'''

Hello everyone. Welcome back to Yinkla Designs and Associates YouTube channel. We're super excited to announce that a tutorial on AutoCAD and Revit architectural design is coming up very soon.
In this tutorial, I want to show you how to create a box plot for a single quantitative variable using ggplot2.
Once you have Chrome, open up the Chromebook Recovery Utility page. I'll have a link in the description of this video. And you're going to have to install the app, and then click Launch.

'''

▸ Task prompt
The answer is a single number: how many lines in the data above hold the string "this".

▸ Solution
2